Changing Britain: Whilst the non-religious are growing, new religious life is flourishing in urban areas

Nov 4, 2016 by

by Grace Davie, LSE:

Grace Davie’s 1994 book Religion in Britain Since 1945 has been one of the leading resources in the field of the Sociology of Religion. A revised edition, published in 2015, describes the religious situation in twenty-first century Britain, taking into account the changes that have taken place in the last two decades. Here Davie explores the nature of these transformations.

Twenty years after I published Religion in Britain since 1945: Believing without Belonging an extensively revised edition appeared under the title Religion in Britain: A Persistent Paradox.

The paradox can be summarized as follows: at one and the same time Britain is becoming steadily more secular (no serious scholar disputes that), but the significance of religion as a topic in public debate is rising rather than falling.  In short – and like many of our European neighbours – we talk more about something that we do less.  The consequences of this situation are worked through in the revised text.

Quite apart from this, a twenty year gap between the two editions permitted an assessment of the wider changes taking place in modern Britain.  Some of these I had anticipated, others caught me by surprise.  I will deal with each of these in turn.

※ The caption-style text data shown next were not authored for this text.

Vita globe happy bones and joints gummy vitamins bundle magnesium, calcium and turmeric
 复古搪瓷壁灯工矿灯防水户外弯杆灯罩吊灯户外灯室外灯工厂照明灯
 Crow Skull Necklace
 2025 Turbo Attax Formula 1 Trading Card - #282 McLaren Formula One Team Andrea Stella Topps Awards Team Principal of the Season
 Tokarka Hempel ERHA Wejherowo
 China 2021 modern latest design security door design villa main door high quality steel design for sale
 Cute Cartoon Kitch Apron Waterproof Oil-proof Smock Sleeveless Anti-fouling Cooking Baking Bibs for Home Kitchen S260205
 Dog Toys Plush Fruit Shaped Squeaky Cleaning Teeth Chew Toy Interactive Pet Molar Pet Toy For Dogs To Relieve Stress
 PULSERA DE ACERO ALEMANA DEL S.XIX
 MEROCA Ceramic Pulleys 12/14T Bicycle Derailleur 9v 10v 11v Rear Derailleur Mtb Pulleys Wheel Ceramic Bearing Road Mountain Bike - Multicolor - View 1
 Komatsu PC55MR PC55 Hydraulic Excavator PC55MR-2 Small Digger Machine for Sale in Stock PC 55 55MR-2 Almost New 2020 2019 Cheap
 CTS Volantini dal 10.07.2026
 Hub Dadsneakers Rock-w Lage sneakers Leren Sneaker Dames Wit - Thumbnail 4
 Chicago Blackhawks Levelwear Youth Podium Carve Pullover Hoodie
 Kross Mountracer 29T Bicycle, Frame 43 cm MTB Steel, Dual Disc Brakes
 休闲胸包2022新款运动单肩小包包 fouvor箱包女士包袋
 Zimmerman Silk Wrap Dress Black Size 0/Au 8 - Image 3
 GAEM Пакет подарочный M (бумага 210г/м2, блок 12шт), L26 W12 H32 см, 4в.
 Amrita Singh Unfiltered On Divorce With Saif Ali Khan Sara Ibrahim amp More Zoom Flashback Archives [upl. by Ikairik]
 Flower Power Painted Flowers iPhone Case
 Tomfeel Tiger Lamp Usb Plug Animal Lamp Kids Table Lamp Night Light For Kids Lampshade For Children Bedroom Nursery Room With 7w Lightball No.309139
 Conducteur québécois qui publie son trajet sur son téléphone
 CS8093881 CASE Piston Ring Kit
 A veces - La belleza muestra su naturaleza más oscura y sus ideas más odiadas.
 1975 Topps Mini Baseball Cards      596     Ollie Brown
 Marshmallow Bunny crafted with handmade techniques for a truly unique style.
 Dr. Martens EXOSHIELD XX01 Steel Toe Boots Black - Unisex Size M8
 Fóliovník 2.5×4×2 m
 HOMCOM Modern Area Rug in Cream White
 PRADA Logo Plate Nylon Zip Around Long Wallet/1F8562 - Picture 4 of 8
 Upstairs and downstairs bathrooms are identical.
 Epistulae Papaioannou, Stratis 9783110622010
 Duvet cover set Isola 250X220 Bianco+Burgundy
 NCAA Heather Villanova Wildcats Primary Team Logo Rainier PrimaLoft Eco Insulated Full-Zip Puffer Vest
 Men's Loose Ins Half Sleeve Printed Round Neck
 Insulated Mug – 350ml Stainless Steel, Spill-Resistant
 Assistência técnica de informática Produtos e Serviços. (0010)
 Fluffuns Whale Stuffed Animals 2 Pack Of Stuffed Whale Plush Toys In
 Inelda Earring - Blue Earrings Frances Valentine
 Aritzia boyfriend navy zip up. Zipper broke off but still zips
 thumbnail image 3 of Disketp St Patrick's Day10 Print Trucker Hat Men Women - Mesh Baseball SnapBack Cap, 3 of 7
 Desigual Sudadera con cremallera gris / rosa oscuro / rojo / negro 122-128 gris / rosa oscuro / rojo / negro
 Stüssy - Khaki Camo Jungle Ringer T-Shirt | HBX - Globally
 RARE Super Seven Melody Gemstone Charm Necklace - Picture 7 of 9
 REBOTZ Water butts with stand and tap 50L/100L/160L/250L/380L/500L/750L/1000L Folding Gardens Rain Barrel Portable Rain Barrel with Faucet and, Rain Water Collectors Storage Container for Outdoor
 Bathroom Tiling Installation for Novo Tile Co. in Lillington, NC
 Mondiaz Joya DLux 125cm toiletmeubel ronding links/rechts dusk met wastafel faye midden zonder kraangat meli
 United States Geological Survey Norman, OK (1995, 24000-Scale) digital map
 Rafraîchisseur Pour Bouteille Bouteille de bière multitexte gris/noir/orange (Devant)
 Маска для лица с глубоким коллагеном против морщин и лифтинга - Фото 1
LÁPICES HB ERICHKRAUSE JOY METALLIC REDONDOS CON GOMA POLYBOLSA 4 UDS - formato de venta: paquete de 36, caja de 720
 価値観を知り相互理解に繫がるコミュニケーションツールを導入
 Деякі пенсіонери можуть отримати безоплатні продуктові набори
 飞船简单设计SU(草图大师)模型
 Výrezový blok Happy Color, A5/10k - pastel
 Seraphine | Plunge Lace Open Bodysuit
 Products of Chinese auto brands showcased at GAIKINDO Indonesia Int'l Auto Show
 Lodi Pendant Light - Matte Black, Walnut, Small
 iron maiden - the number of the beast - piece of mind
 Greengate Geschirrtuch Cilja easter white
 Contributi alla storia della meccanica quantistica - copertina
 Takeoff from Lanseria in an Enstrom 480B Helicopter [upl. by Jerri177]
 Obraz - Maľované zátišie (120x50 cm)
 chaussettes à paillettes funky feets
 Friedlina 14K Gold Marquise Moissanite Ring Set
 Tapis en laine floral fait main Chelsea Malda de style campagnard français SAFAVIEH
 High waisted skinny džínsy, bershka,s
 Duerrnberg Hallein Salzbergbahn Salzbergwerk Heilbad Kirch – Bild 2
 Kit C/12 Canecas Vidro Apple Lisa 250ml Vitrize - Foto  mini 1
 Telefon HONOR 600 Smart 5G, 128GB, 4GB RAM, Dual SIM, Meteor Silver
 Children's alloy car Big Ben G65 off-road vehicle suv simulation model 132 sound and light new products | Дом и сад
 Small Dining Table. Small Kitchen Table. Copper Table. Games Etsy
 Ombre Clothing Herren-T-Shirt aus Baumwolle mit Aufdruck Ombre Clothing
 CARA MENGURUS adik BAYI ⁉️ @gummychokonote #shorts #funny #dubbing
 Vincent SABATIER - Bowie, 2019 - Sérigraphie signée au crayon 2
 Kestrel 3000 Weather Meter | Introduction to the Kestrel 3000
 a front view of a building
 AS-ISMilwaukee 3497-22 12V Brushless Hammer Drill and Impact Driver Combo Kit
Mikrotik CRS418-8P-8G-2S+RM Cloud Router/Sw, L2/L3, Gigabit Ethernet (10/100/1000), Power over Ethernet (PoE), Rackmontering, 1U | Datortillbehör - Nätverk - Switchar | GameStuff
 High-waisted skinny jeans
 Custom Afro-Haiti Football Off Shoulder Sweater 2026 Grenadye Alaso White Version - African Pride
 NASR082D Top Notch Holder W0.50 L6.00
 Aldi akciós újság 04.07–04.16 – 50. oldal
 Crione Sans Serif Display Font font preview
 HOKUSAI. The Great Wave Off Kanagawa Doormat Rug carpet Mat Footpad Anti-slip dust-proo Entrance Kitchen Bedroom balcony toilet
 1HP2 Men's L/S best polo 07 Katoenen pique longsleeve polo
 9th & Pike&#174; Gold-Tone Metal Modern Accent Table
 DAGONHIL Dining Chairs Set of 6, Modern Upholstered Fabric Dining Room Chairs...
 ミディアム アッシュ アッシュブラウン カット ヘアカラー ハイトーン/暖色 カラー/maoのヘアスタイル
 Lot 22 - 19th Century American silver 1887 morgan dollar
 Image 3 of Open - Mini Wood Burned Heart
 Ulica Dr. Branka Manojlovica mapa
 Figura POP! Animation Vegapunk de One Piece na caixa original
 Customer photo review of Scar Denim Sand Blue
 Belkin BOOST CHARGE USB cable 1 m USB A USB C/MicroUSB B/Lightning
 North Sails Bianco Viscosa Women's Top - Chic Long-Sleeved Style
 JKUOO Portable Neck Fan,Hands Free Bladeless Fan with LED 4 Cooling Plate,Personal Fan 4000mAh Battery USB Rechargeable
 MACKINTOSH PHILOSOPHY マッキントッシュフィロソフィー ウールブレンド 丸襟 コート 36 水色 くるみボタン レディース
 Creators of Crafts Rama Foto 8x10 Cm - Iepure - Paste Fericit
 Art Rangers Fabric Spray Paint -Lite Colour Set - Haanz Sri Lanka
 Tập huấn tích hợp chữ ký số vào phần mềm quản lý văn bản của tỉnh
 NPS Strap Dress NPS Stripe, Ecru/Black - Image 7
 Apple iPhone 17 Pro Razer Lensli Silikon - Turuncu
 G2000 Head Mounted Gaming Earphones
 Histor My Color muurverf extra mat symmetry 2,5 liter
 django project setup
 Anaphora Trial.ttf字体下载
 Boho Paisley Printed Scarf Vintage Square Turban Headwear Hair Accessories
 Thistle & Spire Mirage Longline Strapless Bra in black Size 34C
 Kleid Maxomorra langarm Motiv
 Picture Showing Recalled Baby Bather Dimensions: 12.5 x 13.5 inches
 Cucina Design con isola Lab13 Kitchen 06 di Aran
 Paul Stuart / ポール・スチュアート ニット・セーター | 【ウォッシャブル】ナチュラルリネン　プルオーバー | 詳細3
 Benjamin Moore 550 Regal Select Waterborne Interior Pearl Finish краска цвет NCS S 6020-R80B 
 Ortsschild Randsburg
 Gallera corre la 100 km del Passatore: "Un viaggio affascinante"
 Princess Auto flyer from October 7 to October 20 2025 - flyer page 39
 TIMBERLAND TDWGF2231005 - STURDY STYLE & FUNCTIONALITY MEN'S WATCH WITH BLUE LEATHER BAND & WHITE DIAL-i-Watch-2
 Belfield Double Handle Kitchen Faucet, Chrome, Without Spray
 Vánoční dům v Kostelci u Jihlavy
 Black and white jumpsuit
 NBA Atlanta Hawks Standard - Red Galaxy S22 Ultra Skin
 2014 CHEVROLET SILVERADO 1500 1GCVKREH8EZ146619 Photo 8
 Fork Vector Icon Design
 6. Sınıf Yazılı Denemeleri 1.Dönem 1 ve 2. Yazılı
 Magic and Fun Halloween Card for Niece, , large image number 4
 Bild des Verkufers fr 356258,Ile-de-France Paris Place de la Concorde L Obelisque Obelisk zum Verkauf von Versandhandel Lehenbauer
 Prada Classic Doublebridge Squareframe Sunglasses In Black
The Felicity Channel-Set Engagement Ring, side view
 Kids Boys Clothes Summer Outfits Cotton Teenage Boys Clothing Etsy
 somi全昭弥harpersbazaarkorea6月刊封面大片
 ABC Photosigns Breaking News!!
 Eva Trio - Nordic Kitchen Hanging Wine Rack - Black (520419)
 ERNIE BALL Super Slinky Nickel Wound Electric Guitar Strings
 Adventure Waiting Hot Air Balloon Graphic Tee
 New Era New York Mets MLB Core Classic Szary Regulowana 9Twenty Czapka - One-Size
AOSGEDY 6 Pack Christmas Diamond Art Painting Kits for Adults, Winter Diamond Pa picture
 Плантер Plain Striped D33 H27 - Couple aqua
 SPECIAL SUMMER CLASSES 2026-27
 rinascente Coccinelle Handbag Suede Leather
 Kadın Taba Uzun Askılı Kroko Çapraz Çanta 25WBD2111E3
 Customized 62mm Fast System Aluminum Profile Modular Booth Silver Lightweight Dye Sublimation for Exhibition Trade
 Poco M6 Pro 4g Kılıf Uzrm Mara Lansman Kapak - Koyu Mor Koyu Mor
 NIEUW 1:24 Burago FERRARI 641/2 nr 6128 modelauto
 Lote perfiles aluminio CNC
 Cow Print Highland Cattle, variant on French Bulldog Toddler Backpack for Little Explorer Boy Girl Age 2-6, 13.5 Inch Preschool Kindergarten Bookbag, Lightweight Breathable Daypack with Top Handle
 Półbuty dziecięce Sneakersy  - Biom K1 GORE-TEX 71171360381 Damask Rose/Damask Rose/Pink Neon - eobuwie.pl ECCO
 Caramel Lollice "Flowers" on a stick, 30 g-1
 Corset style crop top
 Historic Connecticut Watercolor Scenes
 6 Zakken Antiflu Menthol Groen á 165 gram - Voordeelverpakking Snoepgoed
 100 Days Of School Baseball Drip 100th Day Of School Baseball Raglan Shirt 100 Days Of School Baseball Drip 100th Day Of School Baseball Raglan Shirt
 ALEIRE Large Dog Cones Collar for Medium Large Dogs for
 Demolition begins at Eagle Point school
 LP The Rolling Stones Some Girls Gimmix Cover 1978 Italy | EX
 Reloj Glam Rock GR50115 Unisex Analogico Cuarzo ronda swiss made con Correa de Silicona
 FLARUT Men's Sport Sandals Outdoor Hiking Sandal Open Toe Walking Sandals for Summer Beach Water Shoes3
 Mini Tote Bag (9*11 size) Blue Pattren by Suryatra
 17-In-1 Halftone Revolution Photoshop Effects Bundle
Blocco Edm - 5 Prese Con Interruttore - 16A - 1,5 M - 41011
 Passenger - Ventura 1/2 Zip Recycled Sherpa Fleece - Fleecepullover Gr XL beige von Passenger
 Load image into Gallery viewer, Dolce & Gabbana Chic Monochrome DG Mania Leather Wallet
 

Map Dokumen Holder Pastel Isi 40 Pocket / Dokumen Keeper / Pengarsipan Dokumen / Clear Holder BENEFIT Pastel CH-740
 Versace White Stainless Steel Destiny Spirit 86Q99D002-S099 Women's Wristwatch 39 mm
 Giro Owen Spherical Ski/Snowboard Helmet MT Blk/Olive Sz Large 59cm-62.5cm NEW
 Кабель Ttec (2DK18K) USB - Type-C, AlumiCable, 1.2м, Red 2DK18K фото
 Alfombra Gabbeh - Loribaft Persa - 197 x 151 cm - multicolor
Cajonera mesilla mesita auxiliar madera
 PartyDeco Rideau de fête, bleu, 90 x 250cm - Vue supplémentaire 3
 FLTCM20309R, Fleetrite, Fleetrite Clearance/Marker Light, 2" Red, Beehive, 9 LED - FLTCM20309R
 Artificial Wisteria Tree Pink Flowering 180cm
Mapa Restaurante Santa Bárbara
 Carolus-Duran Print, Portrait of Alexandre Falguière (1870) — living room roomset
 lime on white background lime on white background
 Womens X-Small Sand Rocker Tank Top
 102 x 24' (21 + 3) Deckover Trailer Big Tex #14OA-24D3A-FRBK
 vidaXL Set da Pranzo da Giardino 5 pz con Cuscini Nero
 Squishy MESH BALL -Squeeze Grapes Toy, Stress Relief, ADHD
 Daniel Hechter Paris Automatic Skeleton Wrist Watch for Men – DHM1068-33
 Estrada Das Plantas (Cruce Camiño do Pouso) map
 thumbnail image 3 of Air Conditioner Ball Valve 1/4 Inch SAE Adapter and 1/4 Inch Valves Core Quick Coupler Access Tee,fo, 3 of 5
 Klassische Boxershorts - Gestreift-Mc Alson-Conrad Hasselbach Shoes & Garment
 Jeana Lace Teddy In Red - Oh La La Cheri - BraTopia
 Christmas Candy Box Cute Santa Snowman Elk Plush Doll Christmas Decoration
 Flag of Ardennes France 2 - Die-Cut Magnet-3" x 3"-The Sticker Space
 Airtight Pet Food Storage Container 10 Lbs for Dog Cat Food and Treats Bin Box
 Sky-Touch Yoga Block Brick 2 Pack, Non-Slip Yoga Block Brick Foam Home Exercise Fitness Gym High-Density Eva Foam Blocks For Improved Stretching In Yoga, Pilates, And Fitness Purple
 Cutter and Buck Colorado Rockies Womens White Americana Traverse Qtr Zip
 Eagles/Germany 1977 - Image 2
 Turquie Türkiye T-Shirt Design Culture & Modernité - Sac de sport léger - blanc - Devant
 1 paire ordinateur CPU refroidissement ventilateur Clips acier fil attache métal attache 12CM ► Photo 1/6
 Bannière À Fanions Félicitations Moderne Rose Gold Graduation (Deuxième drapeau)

I expected and found a mixture of continuity and change, which has resulted in a broad spectrum of activity, ranging from the religiously committed (of different faiths) at one end of the spectrum to articulate unbelievers at the other.  Both religious and secular views can at times be sharp – unsurprisingly the extremes provoke each other.  Much grey remains, however, not least the blurring of the lines between nominal believers and their secular equivalents. That said the proportion of people placing themselves in the no-religion category continues to grow, mostly at the expense of nominal Anglicans.